Nagasaka Shigeo, Kawata Tetsuji, Matsuta Masahiro, Taniguchi Shigeki
Department of Surgery III, Nara Medical University, Kashihara, Nara, Japan.
J Card Surg. 2005 Jan-Feb;20(1):65-7. doi: 10.1111/j.0886-0440.2005.200397.x.
Tourniquetting technique to fit a prosthetic valve (PV) into the annulus in valve replacement surgery has been previously reported. We modified the previously reported method and designed a simpler tying technique.
We performed 11 aortic (AVR: including four cases for calcified aortic stenosis (AS) with a small annulus and one cases for infective endocarditis with intramuscular abscess cavity), eight mitral valve replacements (MVR), and one tricuspid valve replacement (TVR: for corrected transposition of the great arteries).
A PV was implanted using 2-0 polyester mattress sutures with a pledget. Each of the two tourniquets held a suture at the bottom of the annulus and at the opposite position to fit a PV. The sutures between each snare were tied down from the bottom to the top. In MVR, after seating of a PV with two tourniquets, we could make sure that no native tissue of any preserved mitral apparatus disturbed PV leaflet motion. In calcific AS, a PV had a good fitting into the annulus because of tourniquets applied to unseated part during tying sutures. In AVR for infective endocarditis, mattress sutures supported by a Teflon pledget were placed to close the abscess cavity. After snaring on one of these sutures, we tied down the sutures, ensuring that they did not cut through the friable tissues. In TVR, we found that native leaflets interfered with PV motion after seating down the prosthesis and those leaflets were resected before tying down the sutures. Postoperative transesophageal echocardiography showed no paravalvular leakage in any patients and excellent PV functions.

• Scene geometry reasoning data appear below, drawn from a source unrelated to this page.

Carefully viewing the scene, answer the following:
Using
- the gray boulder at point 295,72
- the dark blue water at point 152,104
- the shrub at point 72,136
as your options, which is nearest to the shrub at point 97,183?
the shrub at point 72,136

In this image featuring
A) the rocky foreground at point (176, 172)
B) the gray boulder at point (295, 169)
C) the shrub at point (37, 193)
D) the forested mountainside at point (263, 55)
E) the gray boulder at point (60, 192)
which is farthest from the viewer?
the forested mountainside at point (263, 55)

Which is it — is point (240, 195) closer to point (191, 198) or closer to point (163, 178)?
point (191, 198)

先前已有报道在瓣膜置换手术中使用止血带技术将人工瓣膜(PV)置入瓣环。我们对先前报道的方法进行了改进,设计了一种更简单的结扎技术。
我们进行了11例主动脉瓣置换术(AVR:包括4例小瓣环钙化性主动脉瓣狭窄(AS)和1例伴有肌内脓肿腔的感染性心内膜炎),8例二尖瓣置换术(MVR),以及1例三尖瓣置换术(TVR:用于矫正型大动脉转位)。

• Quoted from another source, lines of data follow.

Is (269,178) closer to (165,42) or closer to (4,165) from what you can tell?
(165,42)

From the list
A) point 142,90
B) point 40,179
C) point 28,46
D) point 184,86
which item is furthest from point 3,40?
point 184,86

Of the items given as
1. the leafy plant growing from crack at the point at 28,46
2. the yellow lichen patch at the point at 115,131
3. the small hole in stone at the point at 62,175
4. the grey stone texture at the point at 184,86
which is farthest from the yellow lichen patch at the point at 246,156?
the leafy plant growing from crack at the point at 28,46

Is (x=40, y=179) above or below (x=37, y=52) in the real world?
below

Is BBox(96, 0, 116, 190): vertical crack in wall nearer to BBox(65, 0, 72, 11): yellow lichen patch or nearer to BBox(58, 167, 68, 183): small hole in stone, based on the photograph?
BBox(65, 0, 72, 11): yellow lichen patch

使用带垫片的2-0聚酯褥式缝线植入PV。两根止血带分别在瓣环底部和相对位置固定一根缝线以适配PV。每个圈套器之间的缝线从底部向上结扎。在MVR中,使用两根止血带将PV就位后,我们可以确保保留的二尖瓣装置的任何天然组织都不会干扰PV瓣叶的运动。在钙化性AS中,由于在结扎缝线时对未就位部分应用了止血带,PV与瓣环贴合良好。在感染性心内膜炎的AVR中,放置由聚四氟乙烯垫片支撑的褥式缝线以封闭脓肿腔。在其中一根缝线上圈套后,我们结扎缝线,确保它们不会割破脆弱组织。在TVR中,我们发现假体就位后天然瓣叶会干扰PV运动,并且在结扎缝线之前将这些瓣叶切除。术后经食管超声心动图显示所有患者均无瓣周漏,PV功能良好。